MAR univariate: uMAR Class
uMAR
uMAR
A class to generate missing values in a dataset based on the Missing At Random (MAR) univariate mechanism.
Args: X (pd.DataFrame): The dataset to receive the missing data. y (np.array): The label values from dataset missing_rate (int, optional): The rate of missing data to be generated. Default is 10. x_miss (string): The name of feature to insert the missing data. If not informed, x_miss will be the feature most correlated with target
Example Usage:
# Create an instance of the MAR class
generator = MAR(X, y, missing_rate=20, x_miss='feature1')
# Generate missing values using the lowest strategy
data_md = generator.lowest()
lowest
Function to generate missing values in the feature (x_miss) using the lowest values from an observed feature.
Returns: dataset (DataFrame): The dataset with missing values generated under the MAR mechanism.
Reference: [1] Santos, M. S., R. C. Pereira, A. F. Costa, J. P. Soares, J. Santos, and P. H. Abreu. 2019. Generating Synthetic Missing Data: A Review by Missing Mechanism.
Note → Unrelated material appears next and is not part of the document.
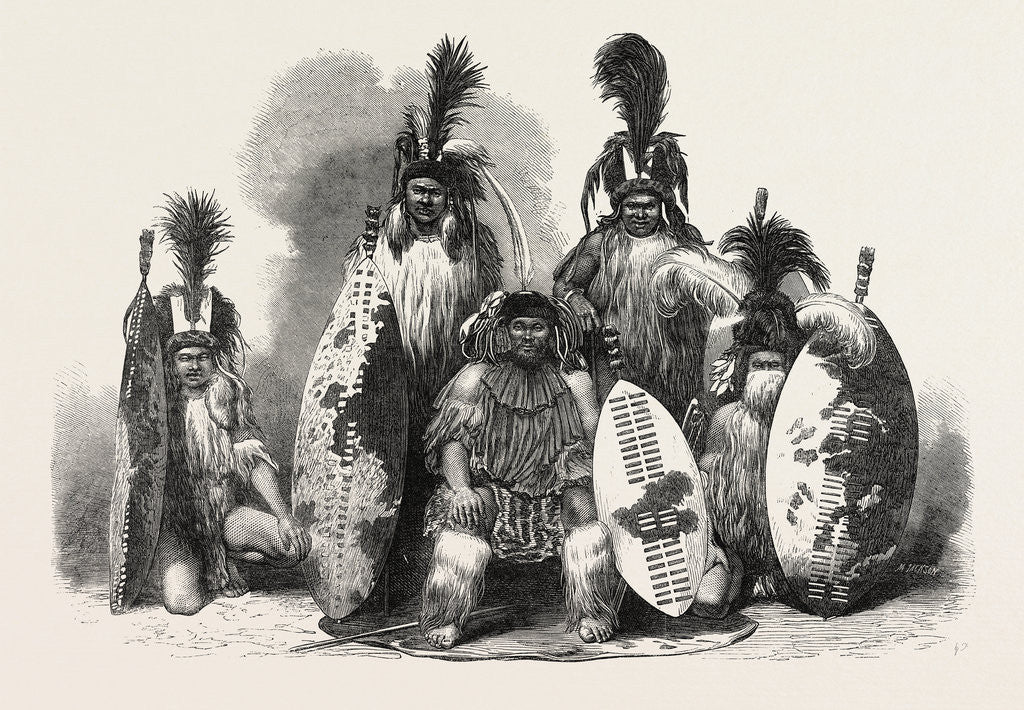 Detail of Zulu Kaffirs of Natal, South Africa, 1865 by Anonymous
IEEE Access 7: 11651–67.
rank
Function to generate missing values in the feature (x_miss) using a rank from an observed feature.
Returns: dataset (DataFrame): The dataset with missing values generated under the MAR mechanism.
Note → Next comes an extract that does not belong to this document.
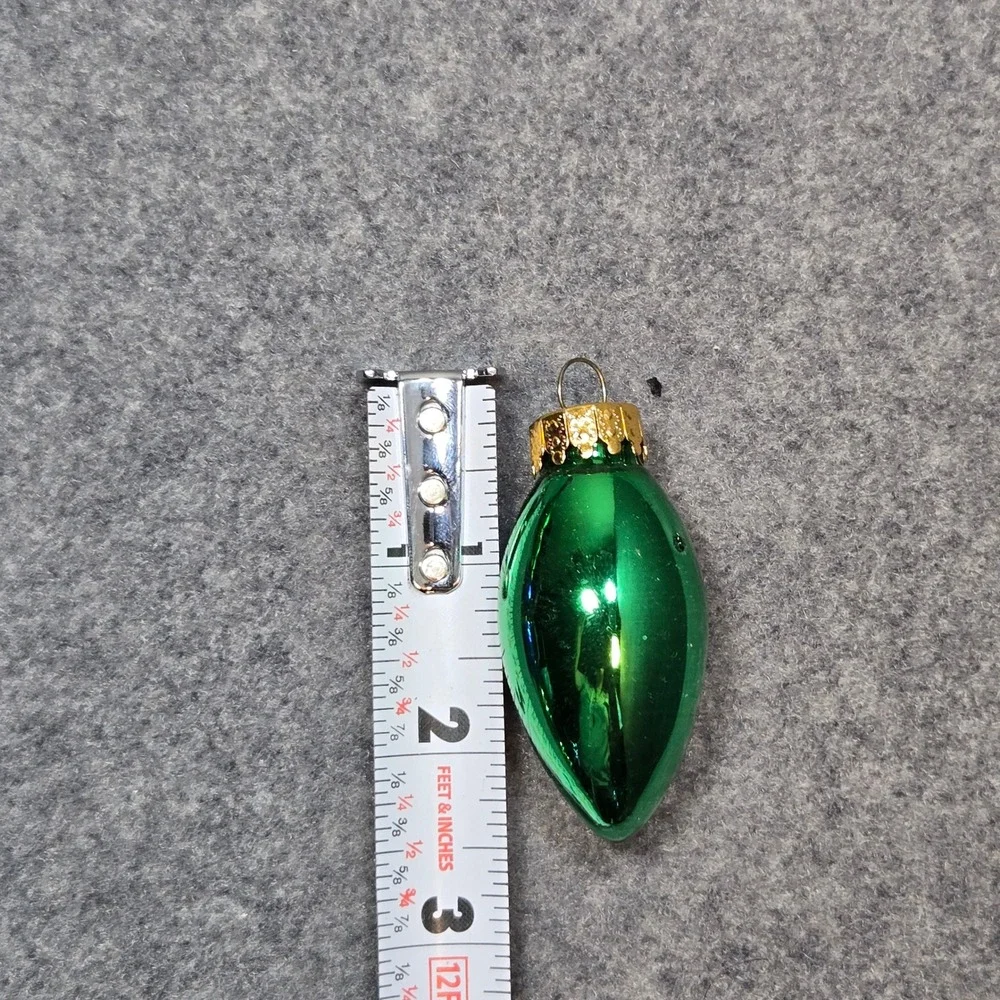 37pc Vintage Glass Christmas Bulb Ornaments Green Blue Matte Gloss C7 C9 Style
Reference: [1] Santos, M. S., R. C. Pereira, A. F. Costa, J. P. Soares, J. Santos, and P. H. Abreu. 2019. Generating Synthetic Missing Data: A Review by Missing Mechanism. IEEE Access 7: 11651–67.
median
Function to generate missing data in the feature (x_miss) using the median of an observed feature.
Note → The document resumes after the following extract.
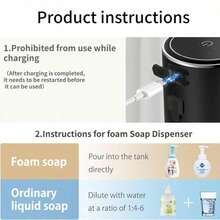 1 pieza Dispensador de jabón automático sin contacto, diseño blanco elegante, 6 niveles ajustables, recargable por USB, dispensador de líquido sin contacto, capacidad de 380ml para la cocina y el baño, dispensador de jabón para el baño - Multicolor - Ver 9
Returns: dataset (DataFrame): The dataset with missing values generated under the MAR mechanism.
Reference: [1] Santos, M. S., R. C. Pereira, A. F. Costa, J. P. Soares, J. Santos, and P. H. Abreu. 2019. Generating Synthetic Missing Data: A Review by Missing Mechanism. IEEE Access 7: 11651–67.
highest
Function to generate missing values in the feature (x_miss) using the highest values from an observed feature.
Returns: dataset (DataFrame): The dataset with missing values generated under the MAR mechanism.
Reference: [1] Santos, M. S., R. C. Pereira, A. F. Costa, J. P. Soares, J. Santos, and P. H. Abreu. 2019. Generating Synthetic Missing Data: A Review by Missing Mechanism. IEEE Access 7: 11651–67.
mix
Function to generate missing values in the feature (x_miss) using the N/2 lowest values and N/2 highest values from an observed feature.
Returns: dataset (DataFrame): The dataset with missing values generated under the MAR mechanism.
Reference: [1] Santos, M. S., R. C. Pereira, A. F. Costa, J. P. Soares, J. Santos, and P. H. Abreu. 2019. Generating Synthetic Missing Data: A Review by Missing Mechanism. IEEE Access 7: 11651–67.